Last week I had a weird week of sleeping- part of it with stress (I think) and part is this weirdness (which might also be stress related…). On Sunday I woke up at 4 AM and couldn’t fall back asleep- so matter how much tossing and turning I did. At this point I no longer remember what I was dreaming, but something made me wake up in a panic. That obviously effected the rest of my day. I even came home early and took a nap.

The next day, I found out from my friend that she spoke to shuk boy, telling him that I still have feelings for him, and asking him why he was acting so strange. After lots of over thinking, I actually went with my gut reactions (something I almost never do…especially in situations like this) and wrote to him, and told him he was silly, and I didn’t think “that ship has sailed”. His only response thus far was “hm…I wonder who you were talking to”, so I still don’t know what he thinks or feels, and I am too afraid to ask. After class finishing at 12, I couldn’t fall asleep till 2.

On Tuesday, I went to a friend’s wedding, which was a lot of fun. I saw a lot of people that I haven’t seen in years. Again my brain wasn’t totally on my head- when I was planning on going to the wedding, I mixed up my days of learning, and thought I had to get to the wedding late- in reality I finished class an hour earlier than I had said in my head.
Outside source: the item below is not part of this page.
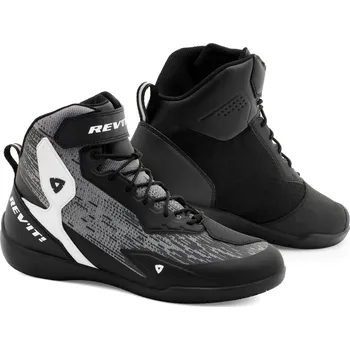 Moto obuv Revit REV'IT! G-Force 2 Air černo-šedé boty na motorku 42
At the wedding I saw tlv, and it turns out he dated a good friend of mine on and off when they were 16-18…such a small world. It was also one of the first times seeing him…and I was still missing him, for whatever reason. But I got home at 12, and couldn’t fall asleep till 2.
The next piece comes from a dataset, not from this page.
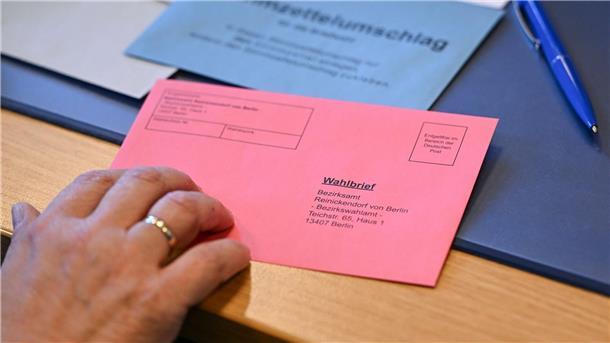 Pannen bei Briefwahl in Südniedersachsen und Oldenburg Wer falsche Briefwahlunterlagen erhalten hat, soll sich bei seiner Gemeinde melden. (Symbolbild)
On Wednesday and Thursday, I don’t think anything crazy happened…but again I had class till 12, and couldn’t fall asleep till 2. I did have interesting conversations. On Wednesday, a man from the independent living had me sit with him to talk for a bit. I was leaving the building, but something told me that I should stay and talk. On Thursday, a woman’s sister was there and having a very hard time with how her sister was doing, and again on my way out she had me sit with her. It is not something I usually do in my job, but something was telling me that I should stay to be there for them. Thursday as well, a woman stopped me by the bus stop to talk about her kids and the weather…I had never seen her in my life.
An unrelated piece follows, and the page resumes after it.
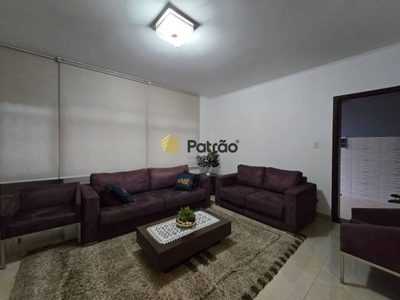 Sobrado, 3 quartos, 304 m² - Foto 2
On Friday I didn’t wake up until 10am (which is very late for me). My brain felt weird and slow. I thought I had all the food I needed, but it turned out that I didn’t have anything- so I had to go to the makolet. I got there, and ended up having an hour long conversation about theology with the owner and the sales clerk- with neither of them wanting to leave so they could continue the conversation. Eventually I got home to cook and clean, but I really felt like I was floating around, and concentrating on the recipes was difficult.

Shabbat came, and I went on a walk- saw the same couple and woman from the nursing home twice that day. On the first walk, had a long conversation with some people from the home, but all in all just enjoyed the sun and air. After Shabbat I got a sms from tlv asking if I wanted to go see a play, and in a mode of spontaneity, I said yes. The play was ok. But on the ride back home, we were playful- I was much calmer in this conversation that I have been in a while. He spoke about coming over for Shabbat, but it didn’t work out- and I have been thinking more about desire and the missing of touch. And then in his car, again we went back to talking and touching and kissing. I don’t know what I want from him…

And then two other people who I met in the past week want to have coffee with me. I don’t want to date them, but both are interesting humans that I want to get to know. I guess part of me is saying that I have 6 weeks, just go with it.

Work knows that I am going. My landlord now knows that I am leaving. I spoke to school to figure out what next year is going to look like. I started giving away books.

I just feel weird. I hope the flipping over of Purim into the rest of the year is for good. I know that everything for me is in the momentum of change, I just didn’t think I would actually feel the unsteadiness, and  change in my actions.